The longest day of the year

The longest day of the year

A visitor to the Goseck solar observatory © Sebastian Willnow

St. John’s bonfires, herb walks and lively celebrations: the day of the summer solstice has been celebrated for thousands of years. From now on the days become shorter again.

"From now on it was downhill…", once sang Hildegard Knef. She related this ironically to her artistic life. But this title can be well related to the day of the summer solstice, which is coming up on Thursday. Sunrise 5.29 o’clock, sunset 21.32 o’clock: the longest day of the year lasts 16 hours, 2 minutes and 45 seconds in Fribourg.

In Kiel, the sun already rises at 4:44 a.m. and and 21.57 o’clock under – that makes a day length of 17 hours and about 13 minutes. Still imperceptible at first, the days then become shorter again. At the end of the month, the length of the day has already shrunk by four minutes. On 21. June, the sun reaches its highest point over the northern hemisphere of the earth. This position, also known as the Tropic of Cancer, is at 23° 26 northern latitude, which is at the level of the Sahara Desert. Responsible for the seasons and the different day lengths is that the axis of rotation of the earth is oblique to the sun.

Thus the sun position shifts from day to day. On Midsummer’s Day, the Earth’s axis tilts exactly toward the sun. Inhabitants of the northern hemisphere rejoice at the beginning of the warmest season of the year. This is because a lot of solar energy then reaches the northern part of the globe. The atmosphere and the earth’s surface there continues to warm as the summer progresses.

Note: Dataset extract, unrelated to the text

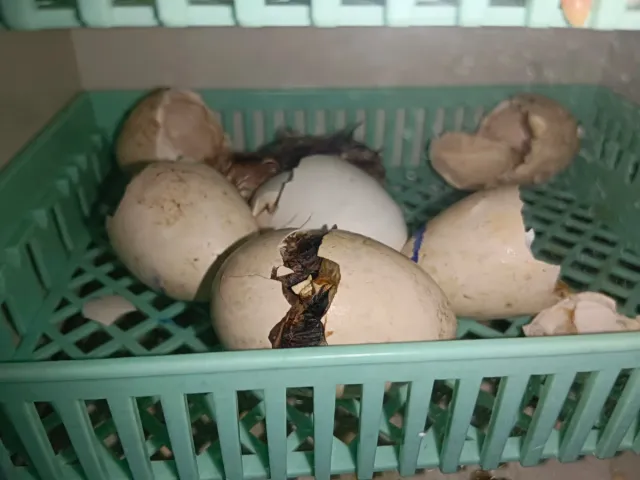 Incubadora 12 huevos automática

Solstice days are probably the oldest holidays at all

Feasts and fires were meant to drive away evil demons, spirits, and disease; light and warmth were celebrated, a good harvest was hoped for. Excavations and ancient buildings show that people tried to calculate the summer and parallel winter solstice exactly already several thousand years ago.

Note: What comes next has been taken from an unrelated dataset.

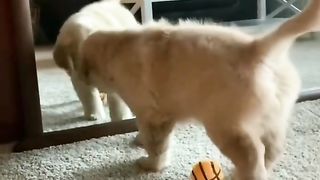 fynny puppy playing with mirror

About the more than 7.000-year-old circular excavation site in Goseck in Saxony-Anhalt, which was only discovered in the early 1990s: The gates and paths to the site are aligned with those points on the horizon where the sun rose and set at the winter solstice back then. A sighting device in the palisade was also discovered, which enabled the determination of the summer solstice.

At Stonehenge in England, which is more than one and a half millennia younger, on the other hand, the summer solstice seems to have played the main role. The horseshoe-shaped ensemble of stone gates in the center, built around the same time as the great pyramids in Egypt, pointed to the sunrise on Midsummer’s Day.

Christian church also celebrated solstice

The Christian church also celebrated the solstice, but reinterpreted the pagan customs. The 24. June is the Solemnity of the Nativity of John the Baptist, which is exactly six months before the Feast of the Nativity of Jesus. Already in the late Middle Ages, St. John’s bonfires were piled up, services and festivities were celebrated around the fire.

However, the summer solstice has been celebrated only sporadically in Germany since World War II because the Nazis abused the festival. SS chief Heinrich Himmler attached particular importance to the cultivation of supposedly Germanic customs and thus wanted to displace Christian festivals. Solstice is still celebrated in the Lippe region of North Rhine-Westphalia. In the center: the Externsteine near Detmold, also known as the Stonehenge of the Teutoburg Forest.

Esoterics, old hippies and young people who want to party make a pilgrimage to the mystical 13 sandstone rocks that rise up to 40 meters into the sky. The festival is much more rooted in Sweden; the other Scandinavian countries and the Baltic states are also in a party mood then. Because the further north you go, the longer the sun stays in the sky in summer.

It doesn’t get dark at all in the Arctic Circle. Singing, dancing and wreaths of flowers in your hair: in Sweden, the summer solstice is an official holiday, always celebrated on Saturday between 20. and 26. June is celebrated, this year on Saturday, 23 June. June. This time the longest day of the year could be even more colorful there. Sweden challenges Germany at the World Cup in Sochi, of all places, to celebrate the summer solstice. The German team then hopes for a different turn of events.